The Chess Brothers and the Legendary Chess Records

By Nadine Cohodas

St. Martin's. 358 pp. $25.95 



In the late 1950s, R&B singer Etta James got some career advice from another


African American musician. "If you wanna be a big star, get on Chess," the 

Moonglows' Bobby Lester told her. "The Chess brothers are some smart Jews

who 

know how to sell records." Luckily for us, James soon did just that, joining


a talent roster that already included blues titans Muddy Waters and Howlin' 

Wolf as well as bedrock-and-rollers Chuck Berry and Bo Diddley. Unlike a 

number of her label-mates, however, in later years she didn't think she'd 

been rooked.



The fraught relationship between black performers and the white, mostly 

Jewish entrepreneurs (Sun Records honcho Sam Phillips was the only gentile

in 

the bunch) who put their music across at the dawn of the rock era is the 

central theme of Nadine Cohodas's dual biography of Leonard and Phil Chess 

and the celebrated Chicago-based label they founded.
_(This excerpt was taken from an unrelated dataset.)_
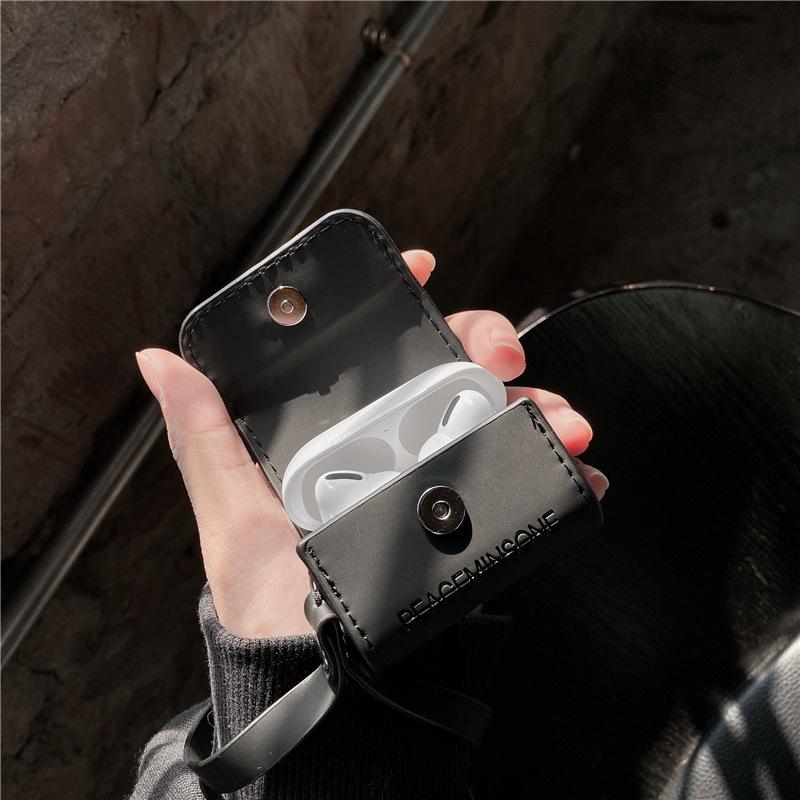 air pod 1/2ケース ブラック イヤホン ストラップ付き エアポッド 本革風 シンプル ブラック ストラップ付き AirPods/AirPodsproケース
Most previous accounts 

have told this story from the musicians' point of view--which is usually 

embittered, and in all too many cases for good reason. While Cohodas doesn't


go to the other extreme of portraying her subjects as saintly, her intent 

clearly is to restore some balance to the picture, at least as far as the 

Chess brothers are concerned.



In her view, what happened in the Chess studios during the label's golden 

years was the result of an alliance between two groups of outsiders, 

similarly excluded from the WASP mainstream. Born Lejzor and Fiszel Czyz in 

Poland, Leonard and Phil Chess were brought to America as children. In 

Chicago, they bumped up against another sort of exodus--the massive

migration 

to Northern cities of Southern blacks escaping Jim Crow. Once the brothers 

moved up from running a liquor store to owning a bar in the city's "black 

belt" just as Chicago blues was being born, older brother Leonard--always

the 

duo's dominant half--spotted money to be made in recording the entertainers 

his joint featured, and became a partner in and salesman for tiny Aristocrat


Records before taking the label over and giving it his and Phil's name.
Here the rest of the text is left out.